The flu vaccine is inactivated.  It is not a live virus and therefore cannot give a person the flu.  In multiple randomized, blinded studies some people were given flu vaccine and others were given saline solution.  The participants did not know which they received.  The results of the studies showed there was no difference in symptoms of body aches, fever, cough, runny nose, or sore throat between those who received the vaccine and those who received saline.  The flu shot can cause redness, soreness, or swelling where the shot was given.  In some cases it can also cause mild fever, headache or muscle aches, which resolve quickly.  These symptoms are much milder than a flu infection, and typically last only 1 or 2 days.

 

Is it better to get the flu illness that the flu vaccine?

 

Influenza can be a very serious illness, especially for young children, older adults, or those with chronic medical conditions.  Any flu infection carries the risk of serious complications or death even for an otherwise healthy person. Getting the flu vaccine is much safer than getting the flu.

 

Why get the flu vaccine every year?

 

The components of the flu vaccine change with each flu season to protect against the strains that are most likely to cause illness for that specific year.  For this reason you should be revaccinated every year so you are protected for this specific season.  Occasionally the flu vaccine is the same two years in a row.  Even if that is the case it is still recommended to get the flu shot every year because the protection the flu shot offers decreases over time.

 

Why do some people get the flu vaccine, but still get sick with flu symptoms?

 

There are several reasons this may happen.  

 

  1. A person may become ill with another respiratory virus such as rhinovirus, which is associated with a common cold, and causes symptoms similar to the flu.  The flu vaccine only protects against the influenza virus.

  2. Another possibility is that the person became exposed to the flu shortly after receiving the vaccine and before they had developed full immunity.  It takes an average of two weeks after receiving the flu shot to develop full antibody protection.

  3. A person may develop flu symptoms after receiving the vaccine if they were exposed to a strain of flu different than the viruses the vaccine was designed to protect against. There are many different flu strains.  Scientists begin research long before the flu season to determine the strains that are most likely to cause illness for the upcoming flu season.  The vaccine manufacturers then make the flu shot to protect against those strains. Sometimes a strain of flu circulates that the vaccine does not protect against.  If a person is exposed to a flu strain that is not in the vaccine they may become ill.  At Arcadia Physicians Travel Clinic we offer the quadrivalient flu vaccine, which protects against four different flu strains.

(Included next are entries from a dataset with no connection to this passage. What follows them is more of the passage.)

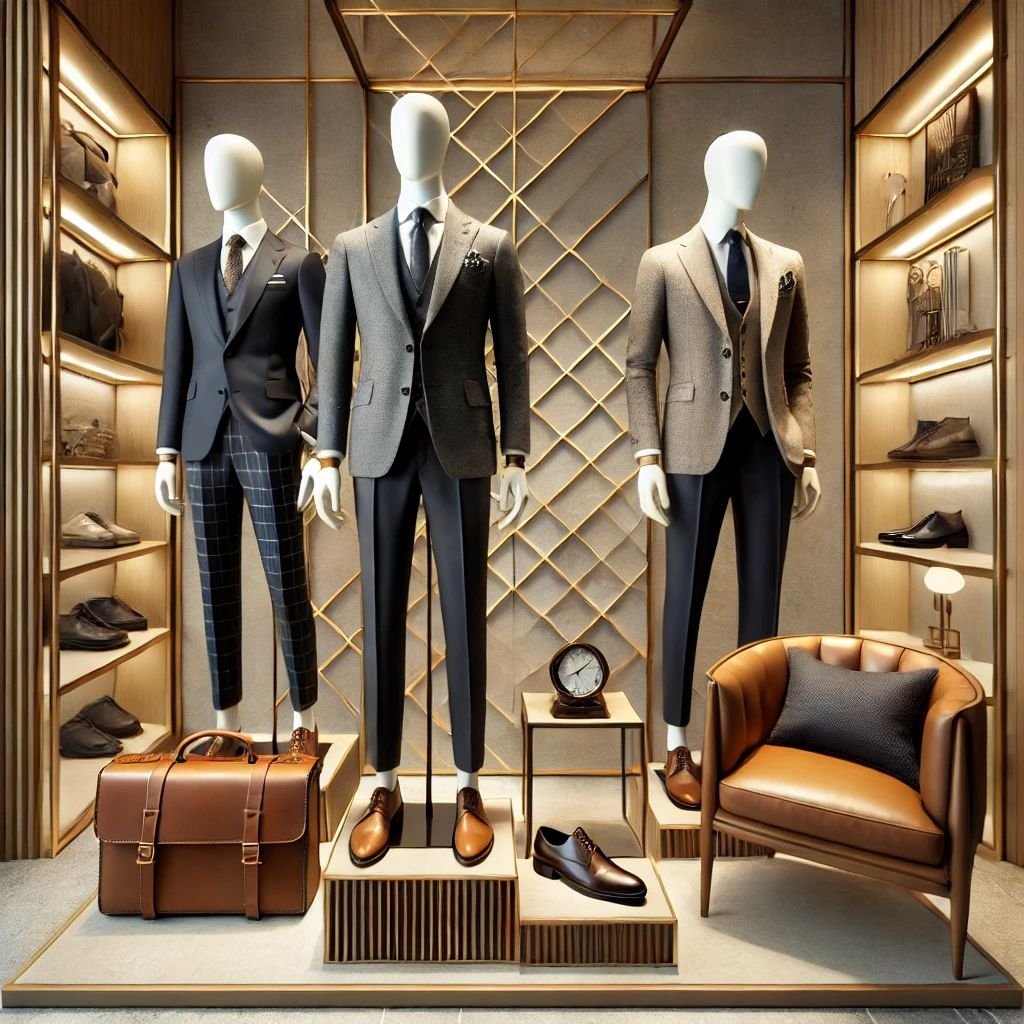 Title: Luxury Clothing Store – Designer Fashion and Premium Clothing Brands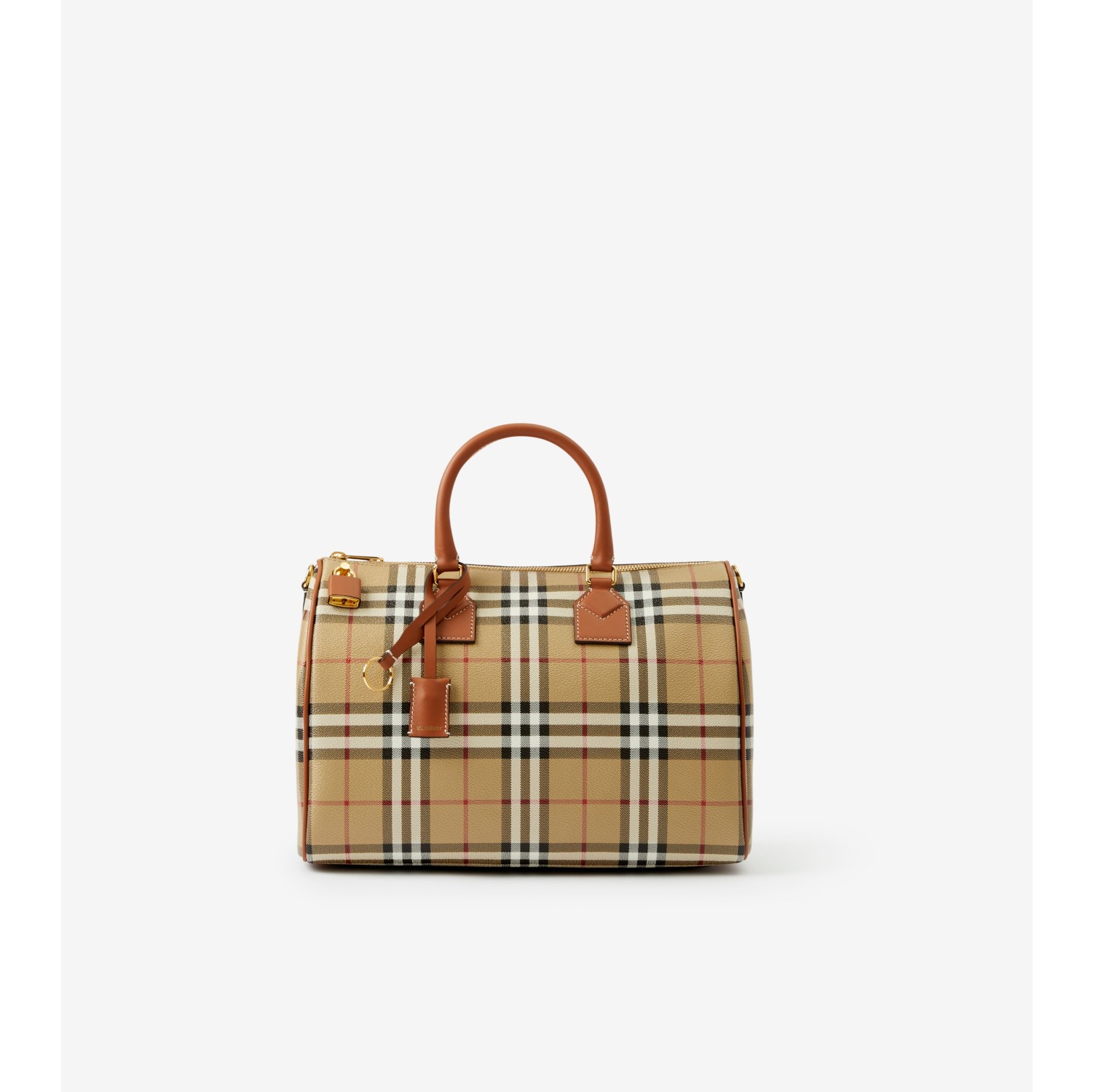 Medium Check Bowling Bag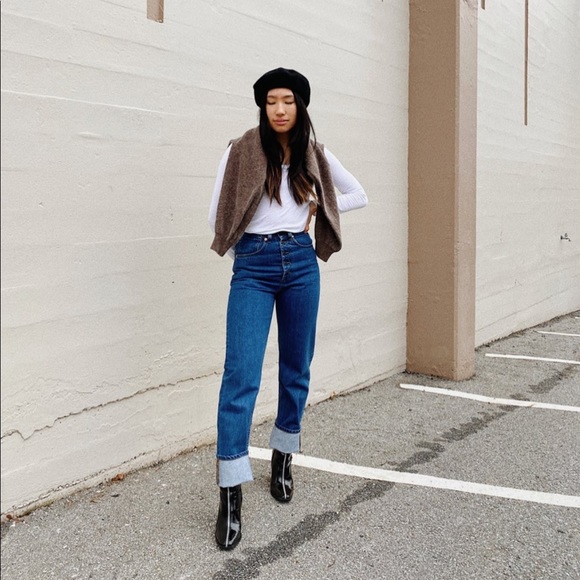 Decade Studio Denim - Decade Studios Bonnie Straight leg Jeans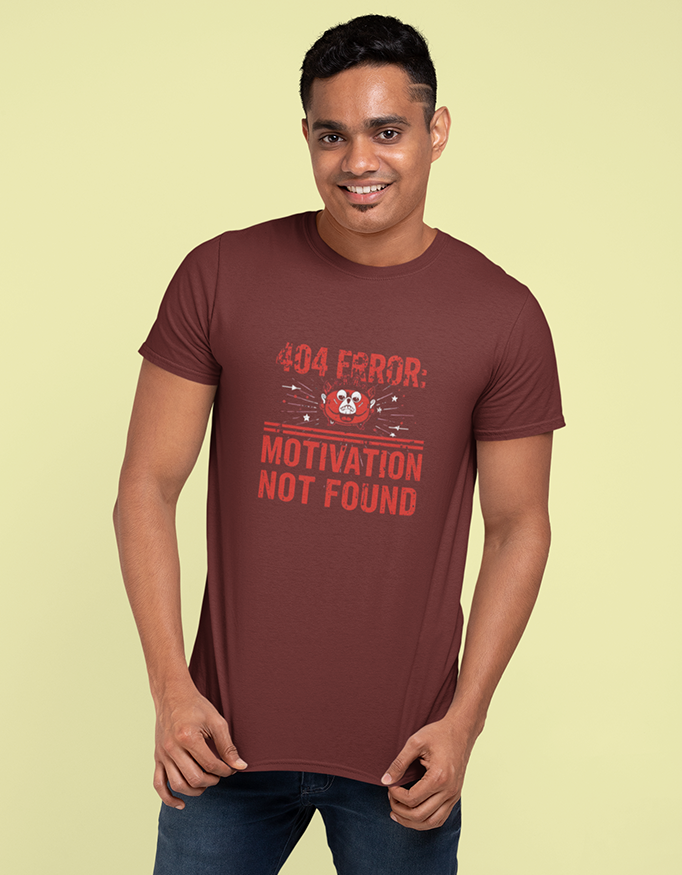 MadInkCo. Men's Classic Crew T-Shirt - error 404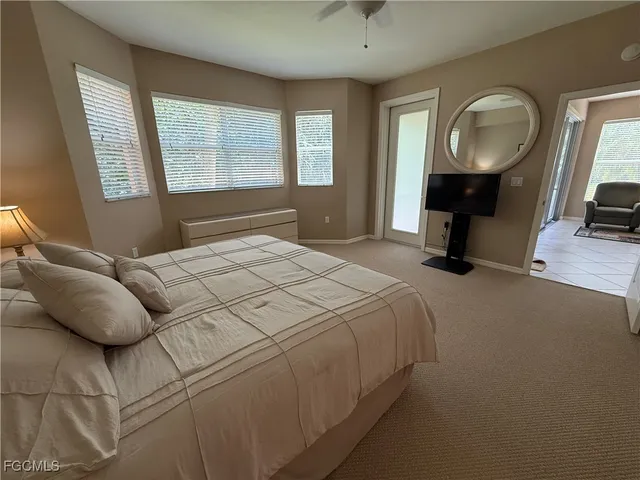 a view of a bathroom from a hallway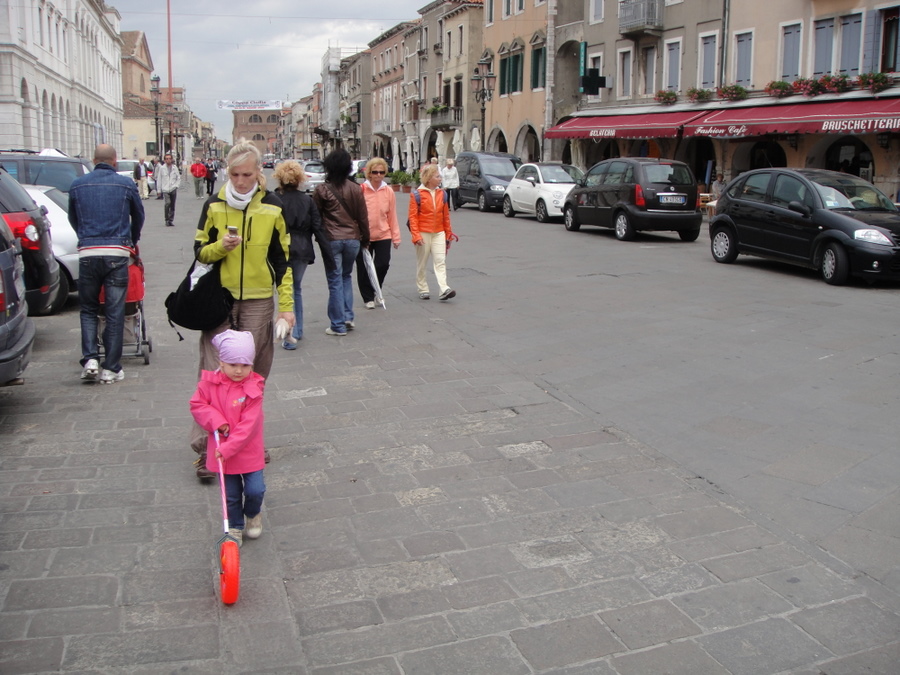 Chioggia - malé Benátky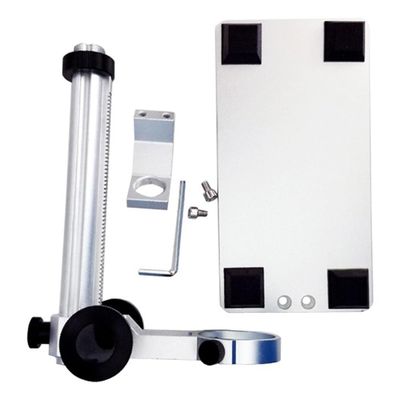 JOEBO Microscope Kit 1 Pc Portable 8 LED Magnifier Electronic 1~600x Electron Microscope 1080P LCD Digital Screen Microscope Lens Adapters(Only Metal Bracket)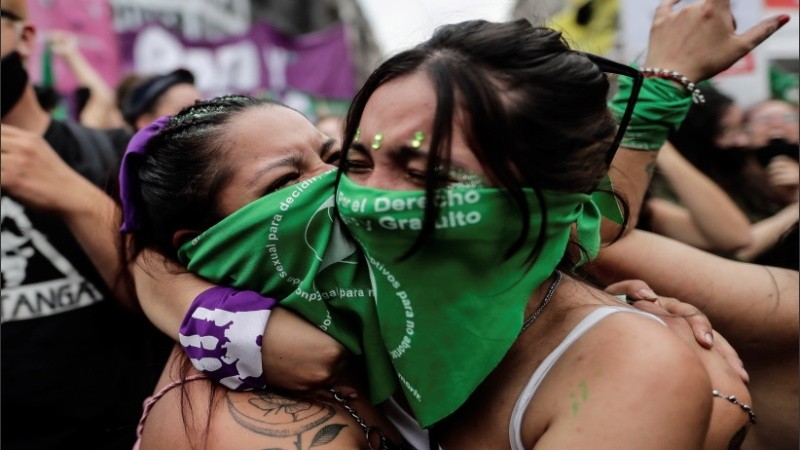 Argentina se convirtió en el país número 67 en despenalizar el aborto.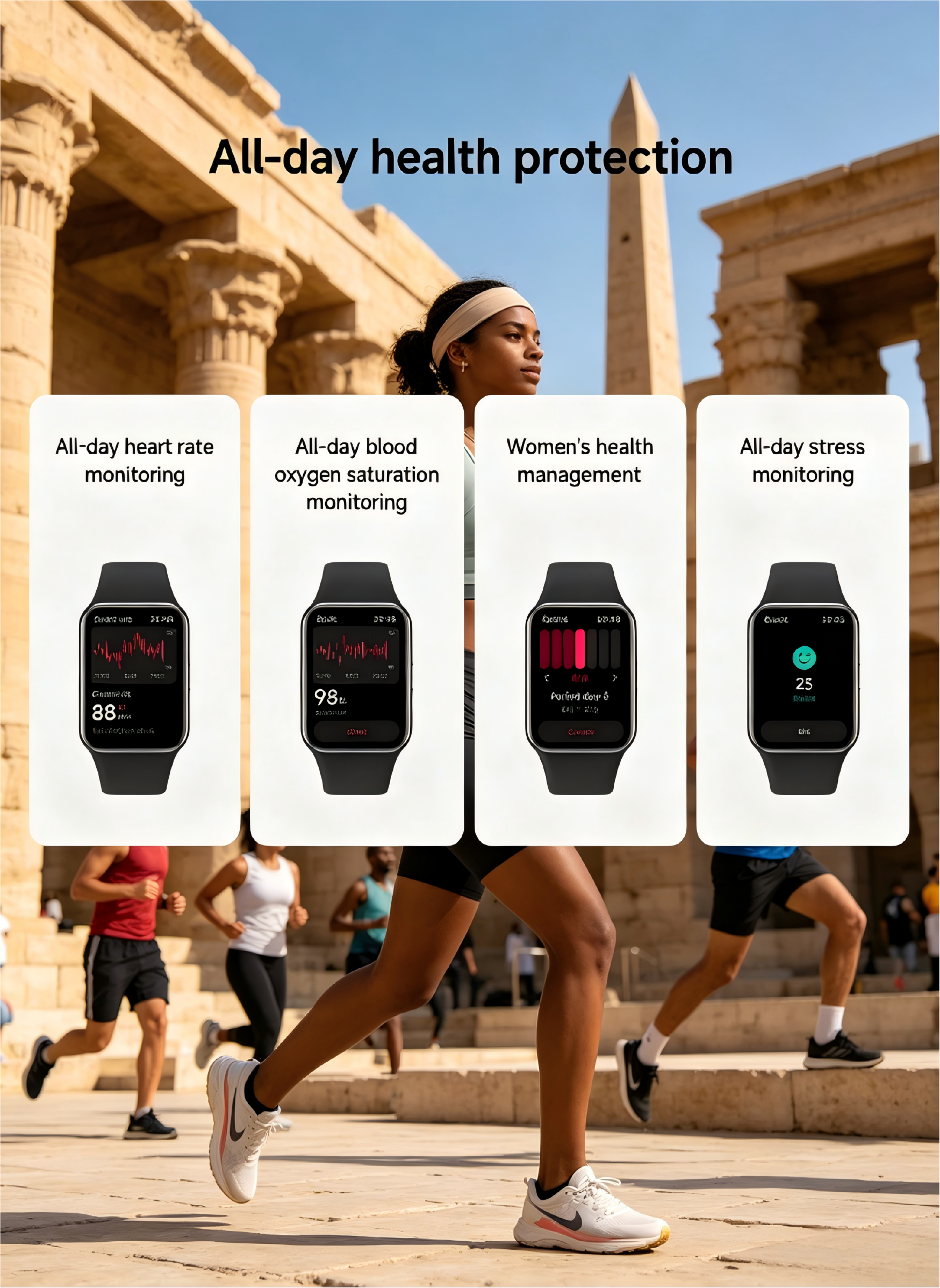 Xiaomi Smart Band 9 Pro (Obsidian Black), 1.74" AMOLED Display, 5ATM Waterproof Fitness Tracker with All-Round Health Monitoring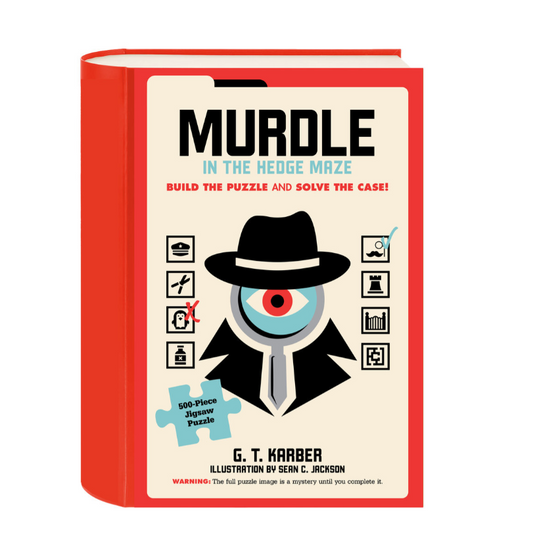 Puzzle - Murdle in the Hedge - 500 Piece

  4. The final reason a person may become ill after vaccination is that the vaccine varies in its effectiveness.  While most people develop full antibody protection after receiving the flu shot, some people who have a compromised immune system may not develop full protection.  Small children also may not develop full protection after a single flu shot.

 

I have been told there are unsafe substances in the flu vaccine. Should I avoid the flu shot?

 

The flu vaccine has been thoroughly studied over many years and through multiple studies.  After many extensive tests, all components of the vaccine have been found to be safe.  We provide a vaccine that is preservative free and contains no thimerosal.  The vaccine contains small traces of antibiotic equal to 0.00000003 of a typical daily dose, which is very safe.

 

The CDC recommends that with rare exceptions everyone over 6 months of age should receive the flu shot, but only you can decide whether the flu shot is right for you.